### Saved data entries

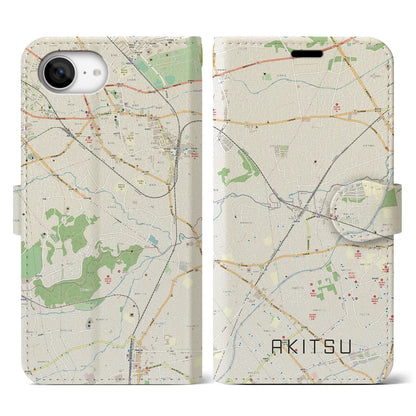 【秋津（東京都）】地図柄iPhoneケース（手帳タイプ）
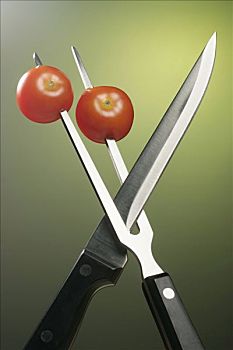 肉叉,拿着,西红柿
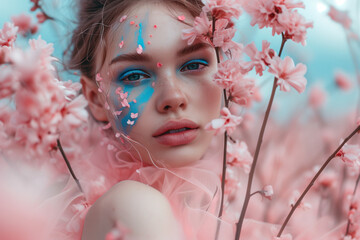 Portrait of a girl with pink flowers.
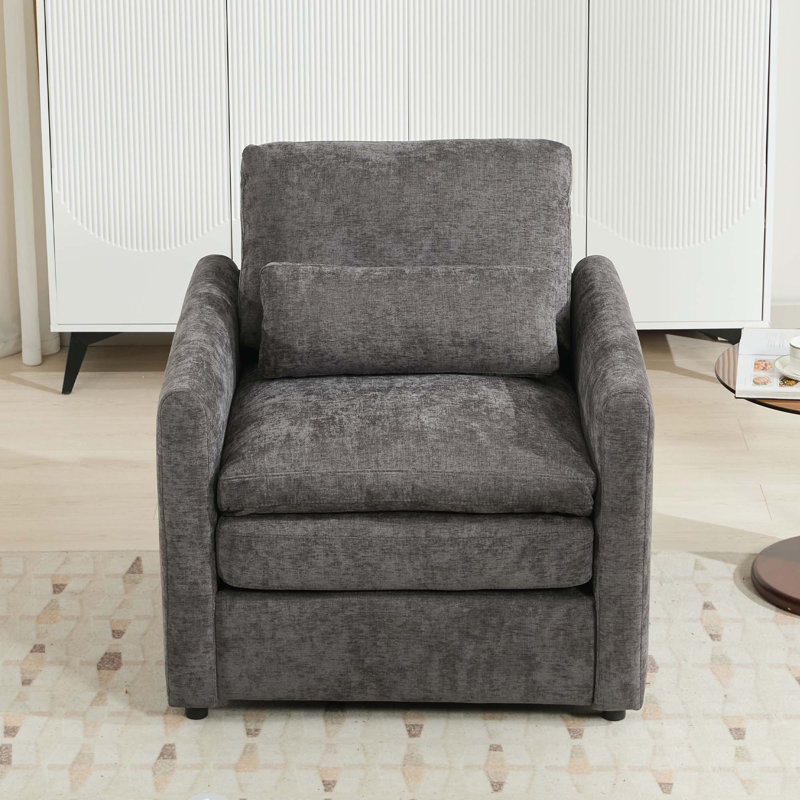 Fauteuil rembourré 31,9 "surdimensionné et confortable, Gris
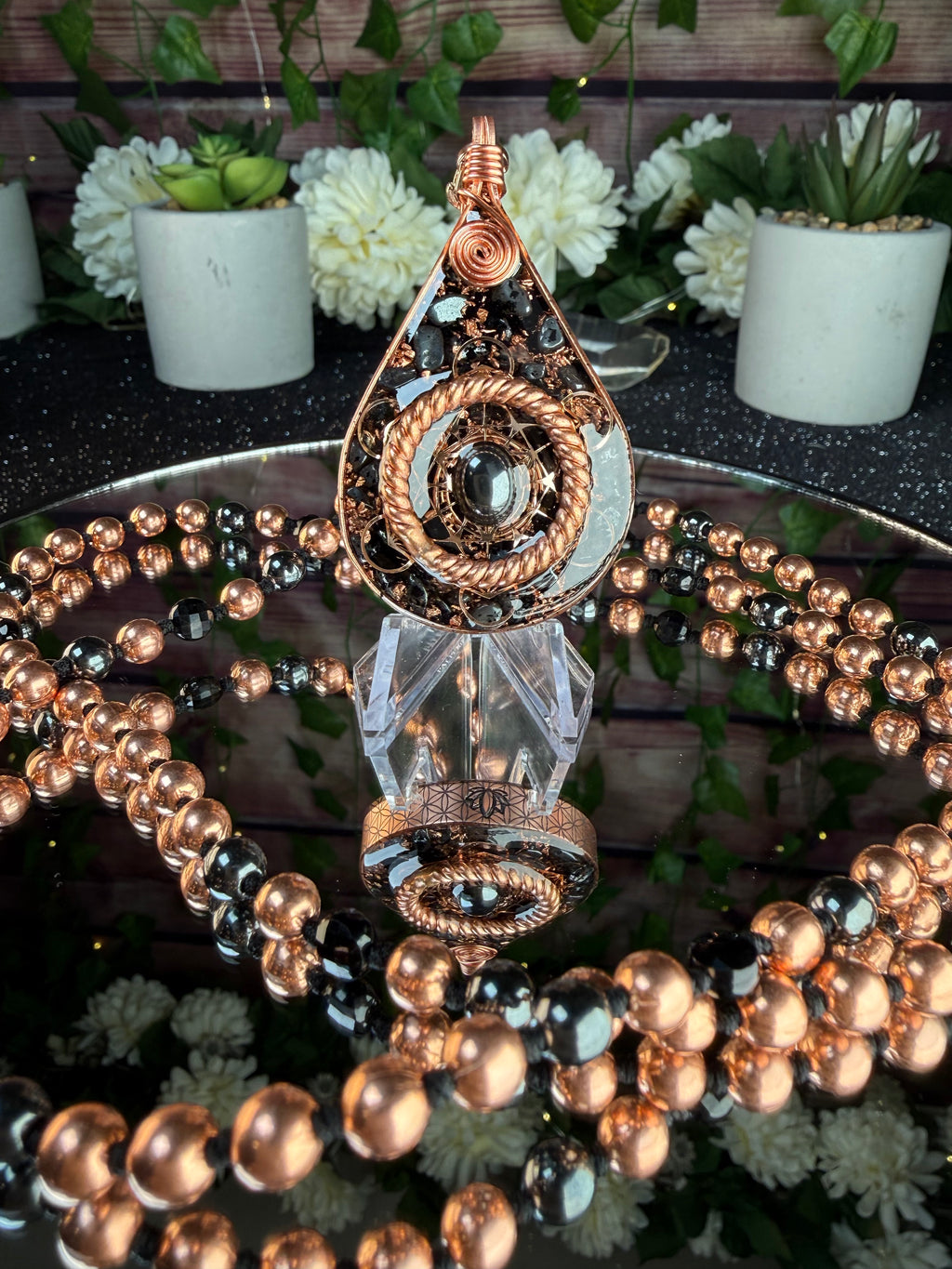 Step into your power~Orgonite Mala with Black Tourmaline, Hematite, Elite Shungite, Diamond Quartz, Copper & Sacred Cubit Tensor Ring-Made to Order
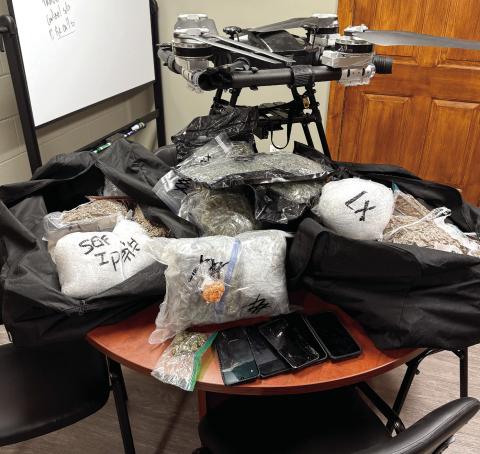 Contraband suspected to be intended for Hancock State Prison was intercepted, including phones, lighters, cell phone chargers, and more, along with a modified drone to deliver the items. CONTRIBUTED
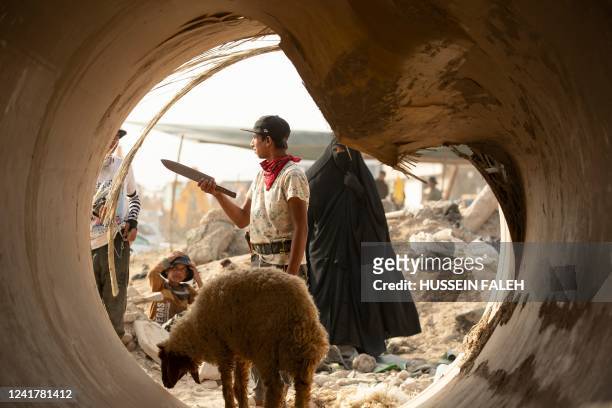 An Iraqi herder prepares to sacrifice a sheep at a livestock market in the southern city of Basra on the eve of the Muslim holiday of Eid al-Adha, on...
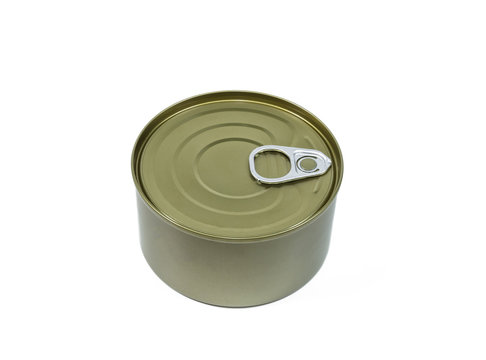 tin containers,canned food isolated on white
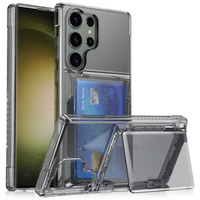 Чехол для Samsung Galaxy S23 Ultra, Card Holder Kickstand, прозрачный / черный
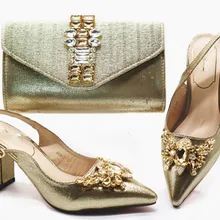 Doershow/комплект из итальянских туфель и сумочки в комплекте; популярные женские вечерние туфли и сумочка в африканском стиле; женские босоножки золотистого цвета! HGX1-7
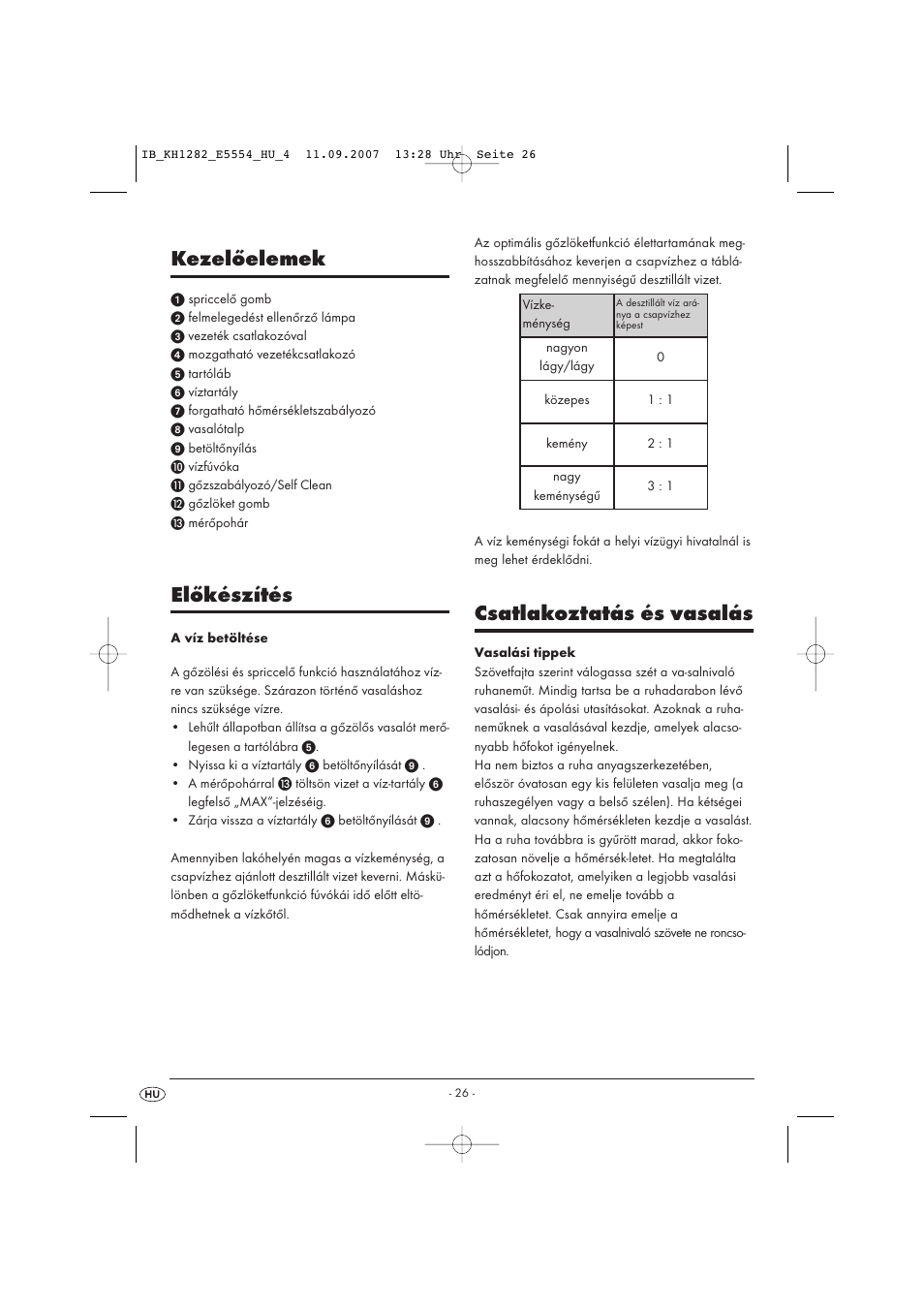 Kezelőelemek, Előkészítés, Csatlakoztatás és vasalás | Kompernass KH 1282 User Manual | Page 26 / 76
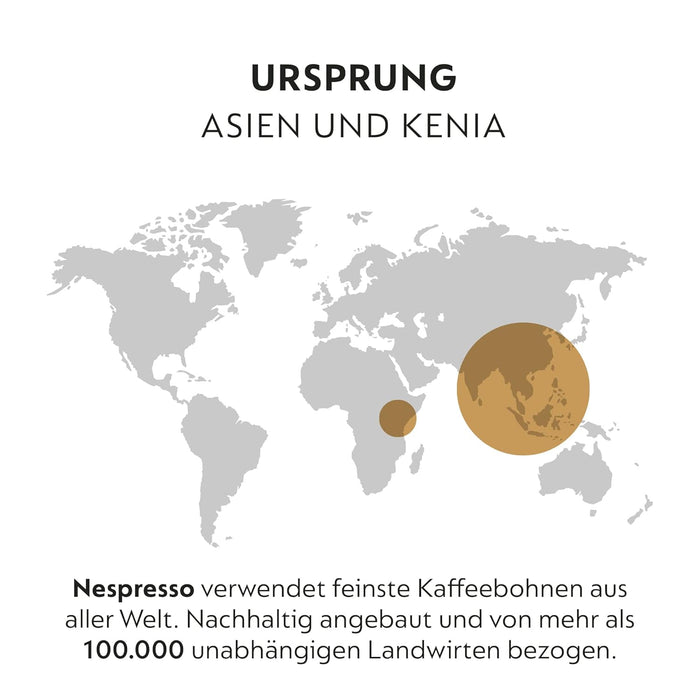 Nespresso Original Shanghai Lungo en pack de 100 cápsulas. Un café de tueste claro y notas afrutadas, compatible con cafeteras Nespresso Original para una experiencia única. Nespresso - presentacion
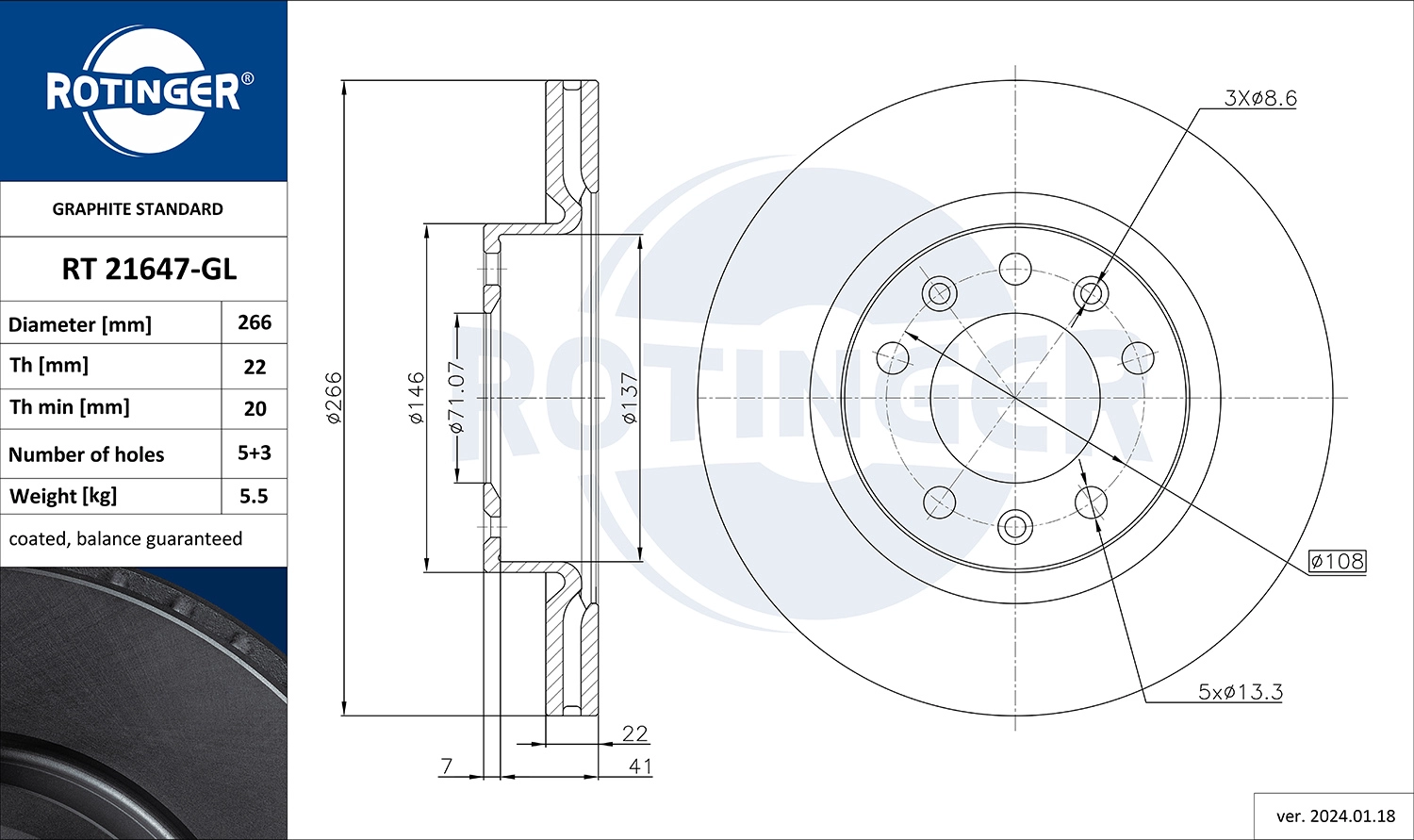 Тормозной диск graphite line ROTINGER RT 21647-GL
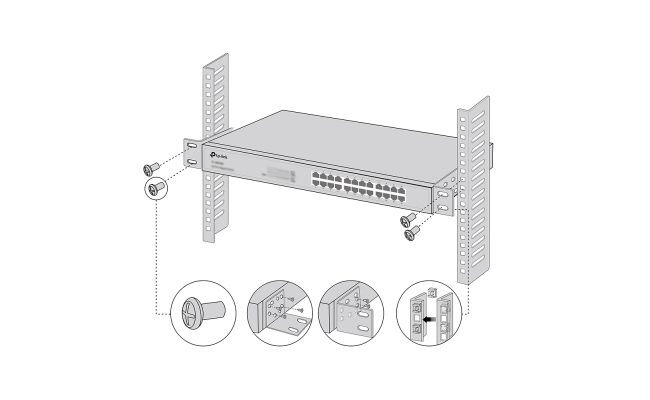 KIT MONTARE switch TP-Link RackMount Kit-13, compatibil cu switch-urile...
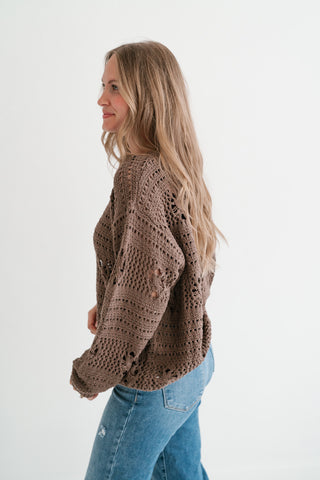 Sunday Stroll Textured Sweater Top - Chocolate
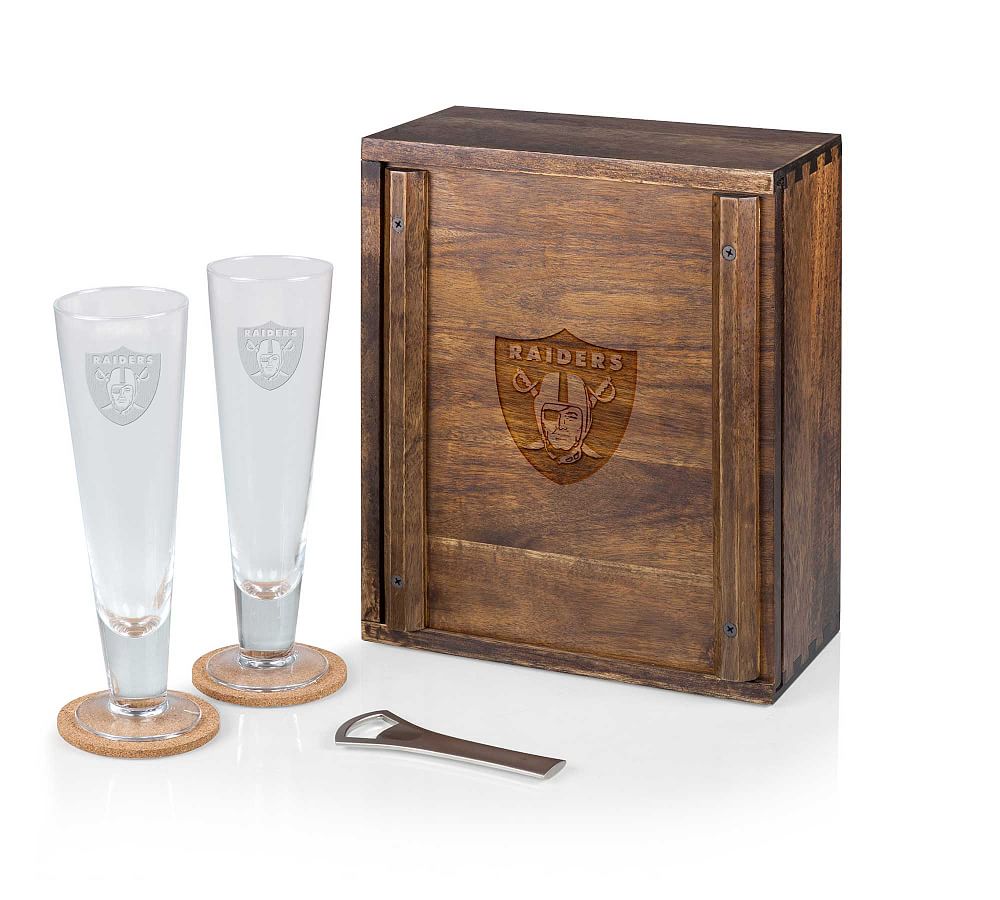 Detroit Lions Decanter Gift Set with Wood Gift Box - Football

### About this task
Output exactly the lines from the one that has "Nespresso Original Shanghai" through the end of the data. Do not include pictures.

### Solution to the exercise
 Nespresso Original Shanghai Lungo en pack de 100 cápsulas. Un café de tueste claro y notas afrutadas, compatible con cafeteras Nespresso Original para una experiencia única. Nespresso - presentacion
 Тормозной диск graphite line ROTINGER RT 21647-GL
 KIT MONTARE switch TP-Link RackMount Kit-13, compatibil cu switch-urile...
 Sunday Stroll Textured Sweater Top - Chocolate
 Detroit Lions Decanter Gift Set with Wood Gift Box - Football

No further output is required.